- **What is required**
Each line from the one holding "2GNALBEK0D6350864 - 2013" through the end of the records should be returned exactly, while pictures are skipped.
─── Data to use ───
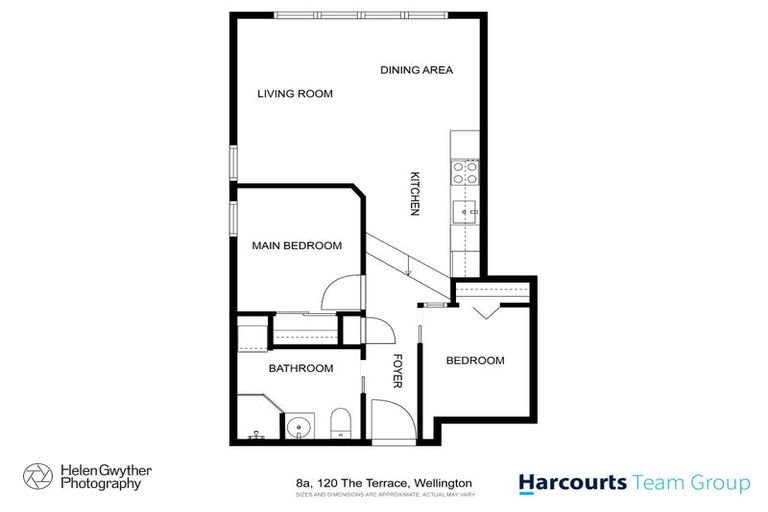 Photo of property in Terrace Garden Apartments, 8a/120 The Terrace, Wellington Central, Wellington, 6011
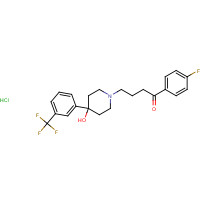 TRIFLUPERIDOL HCL (CAS: 2062-77-3) - Chemical Structure and Molecular Formula 
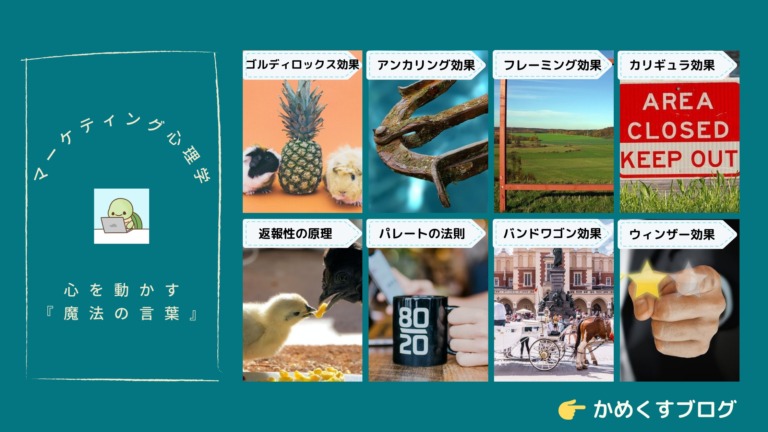 マーケティング心理学、かめくす作成カード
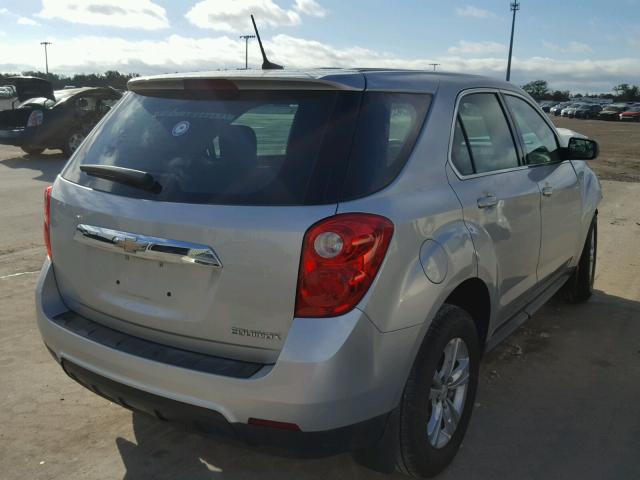 2GNALBEK0D6350864 - 2013 CHEVROLET EQUINOX LS SILVER photo 4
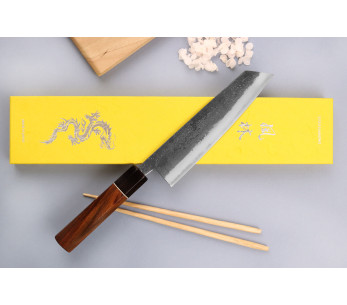 Kiritsuke-kniv 18 cm japansk håndverkskniv Yuzo Black Nashiji 2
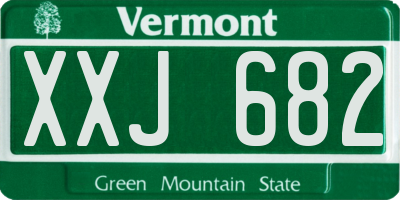VT license plate XXJ682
───
- **Solved problem**
 2GNALBEK0D6350864 - 2013 CHEVROLET EQUINOX LS SILVER photo 4
 Kiritsuke-kniv 18 cm japansk håndverkskniv Yuzo Black Nashiji 2
VT license plate XXJ682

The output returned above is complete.